写真というものを通じて、ひとりの人間が自分の現状をどう捉えているかが如実に分かる出来事があった。
前回のブログで現代日本において写真が忌避されていると書いたが、そのブログを書いた翌日である今朝、通勤途中に猫を見かけたので撮っていたところ、写真に写りようもない角度にいた、きれいな言葉でいえば家なきアルコール嗜好者の男性から「私の姿を撮影されたのではないでしょうか?」というような声をかけて頂いた。

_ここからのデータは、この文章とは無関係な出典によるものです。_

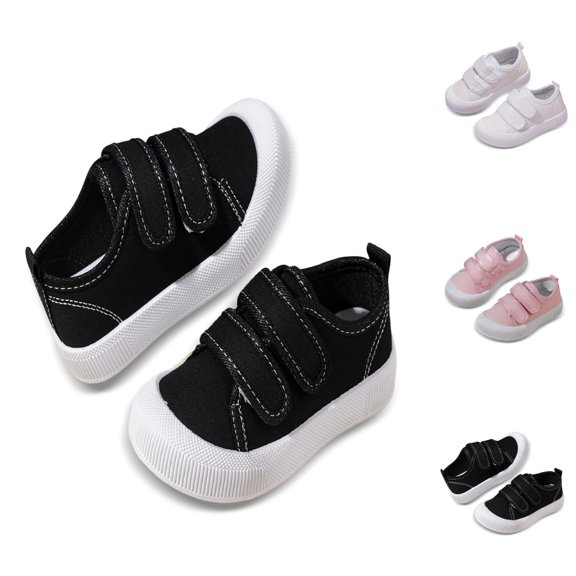 Zecgelong Boys Canvas Shoes Wide Toe Breathable Lightweight Casual Shoes for 6.5 Toddler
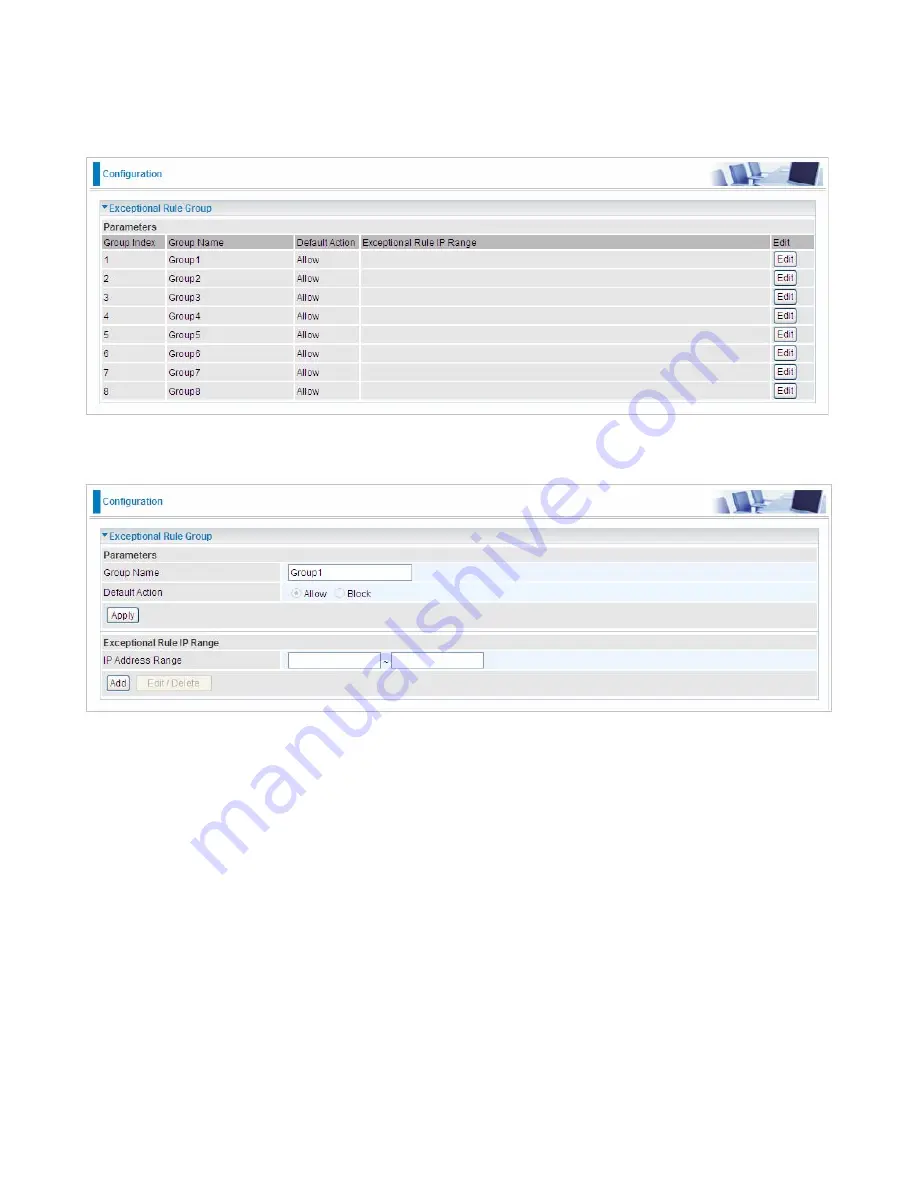 Billion BiPAC 6900AX(L)-2400 User Manual Download Page 201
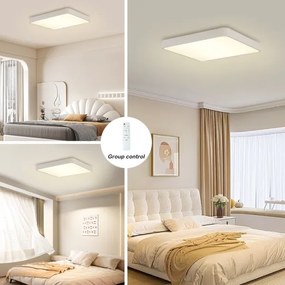 Plafonieră LED dimabilă Brilagi POOL SQUARE LED/48W/230V 3000-6000K 50x50 cm alb + telecomandă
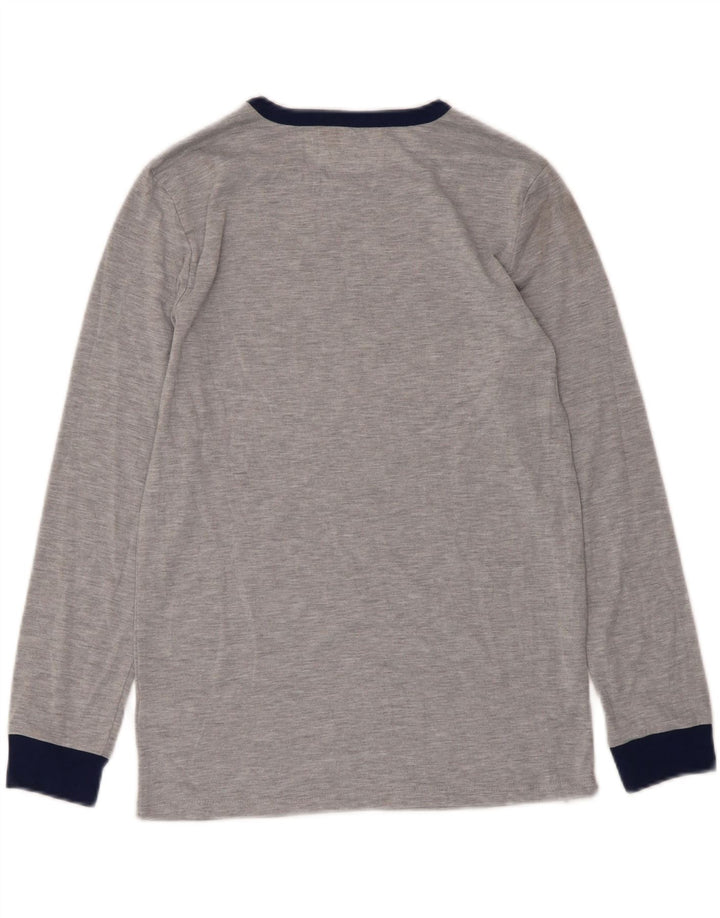 EDDIE BAUER Boys Graphic Top Long Sleeve 14-15 Years Large Grey Polyester Vintage Eddie Bauer and Second-Hand Eddie Bauer from Messina Hembry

私が彼を撮ったという確証があるわけでもなく、私も実際に写野に入れていないのだから難癖をつけられても「不在の証明は難しいなあ」と思いつつ、撮っていたのは猫であってあなたではない、と説明するのだが、結果としては昨日書いたのと同じ流れで「自分が撮られたに違いない」「撮った奴は悪い奴だ」と人格攻撃に直結し、勝手に激昂してしまって対話が成り立たないので通報したのだが、少し面白い発見があった。
彼はスタジオ界隈でよくパックの鬼殺しを飲んでは道端で座り込んでいる常連なのだが、その彼ですら、その姿を写真に撮られると恥ずかしいのである。
私自身はアルコールその他の薬物を合法非合法問わず摂取しないのであまり理解が及ぶとはいえないのだが、彼は自分が醜態を晒していると自認し、それを恥じながら酩酊状態で路上に自分の姿を晒すことを良しとしているのである。これは大きな矛盾だし、言い換えれば無責任である。
こうした矛盾をそのまま社会に押し付けるのは文字通り反社会的な輩がよくやることで、自分は社会で生み出される利益を少しでも多く享受したいが、同時にその利益を正統に生み出すのは多大に汗をかく必要があるので拒否する、というものだ。子供の論法を大人の腕力で実現し、他者から奪い取ることで生きている。社会のクズという表現は、社会の内側にありながらその維持にも発展にも寄与せず収奪するのみという意味で残酷だが正確だ。
だから彼は自分の好きなように振る舞いたいが、存在は証明されたくないのである。結果として写真に撮られ、遠くの人がそれを見て自分を理解するのを嫌がる。恥を抱えつつ自分を晒すという点では演劇的、喜劇的でもある。
社会の観点からは、彼はおそらく福祉の対象であり、憐憫の情をもって生かしていくのが最善と思う。私もいつ人生から転げ落ちてあのライフスタイルを選択せざるをえないようになるか分からないし、自殺するほどの度胸があるようにも思えない。であれば最低限人間としての尊厳を保てるよう援助したい気持ちもある。クズもクズなりに、ではなく、クズであっても関係なく生きる権利がある社会に生きていることは誇りだ。
唯一、彼が放った言葉「カメラなんかもってそのへんを撮ってて面白いんか!」が心に響いた。それは良い質問である。